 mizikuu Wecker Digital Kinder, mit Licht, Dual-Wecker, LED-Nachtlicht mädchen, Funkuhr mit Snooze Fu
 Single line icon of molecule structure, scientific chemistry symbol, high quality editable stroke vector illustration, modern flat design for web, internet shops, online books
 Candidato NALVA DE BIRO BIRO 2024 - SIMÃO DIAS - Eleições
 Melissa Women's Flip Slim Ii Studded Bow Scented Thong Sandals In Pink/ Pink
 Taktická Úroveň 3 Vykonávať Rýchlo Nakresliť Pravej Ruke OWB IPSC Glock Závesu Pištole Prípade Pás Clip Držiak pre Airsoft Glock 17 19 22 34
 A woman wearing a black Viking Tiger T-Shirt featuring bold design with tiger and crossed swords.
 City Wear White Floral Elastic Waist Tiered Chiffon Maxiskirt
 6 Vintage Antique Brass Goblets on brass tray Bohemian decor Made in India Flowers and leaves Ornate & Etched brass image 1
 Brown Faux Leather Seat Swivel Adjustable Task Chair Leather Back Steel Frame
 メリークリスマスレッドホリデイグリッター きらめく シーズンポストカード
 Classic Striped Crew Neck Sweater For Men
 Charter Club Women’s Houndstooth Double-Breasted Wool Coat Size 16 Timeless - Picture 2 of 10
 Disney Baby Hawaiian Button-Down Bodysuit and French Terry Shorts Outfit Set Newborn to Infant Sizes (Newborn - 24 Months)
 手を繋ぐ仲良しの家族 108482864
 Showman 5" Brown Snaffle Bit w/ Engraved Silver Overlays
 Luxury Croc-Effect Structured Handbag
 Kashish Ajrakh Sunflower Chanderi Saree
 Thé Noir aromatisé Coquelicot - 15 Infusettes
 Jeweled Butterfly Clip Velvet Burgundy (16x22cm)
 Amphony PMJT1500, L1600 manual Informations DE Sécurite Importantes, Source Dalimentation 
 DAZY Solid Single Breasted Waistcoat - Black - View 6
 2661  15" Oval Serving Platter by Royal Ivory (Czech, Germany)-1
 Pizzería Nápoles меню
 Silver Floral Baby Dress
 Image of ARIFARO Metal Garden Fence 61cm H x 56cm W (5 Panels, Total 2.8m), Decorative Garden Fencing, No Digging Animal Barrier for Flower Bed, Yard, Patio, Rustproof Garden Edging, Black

* ABOUT THIS TASK *
Restate, word for word and with nothing added, the lines from the first line of the listing through the one where "Melissa Women's Flip" stands.

* WRITTEN SOLUTION *
 mizikuu Wecker Digital Kinder, mit Licht, Dual-Wecker, LED-Nachtlicht mädchen, Funkuhr mit Snooze Fu
 Single line icon of molecule structure, scientific chemistry symbol, high quality editable stroke vector illustration, modern flat design for web, internet shops, online books
 Candidato NALVA DE BIRO BIRO 2024 - SIMÃO DIAS - Eleições
 Melissa Women's Flip Slim Ii Studded Bow Scented Thong Sandals In Pink/ Pink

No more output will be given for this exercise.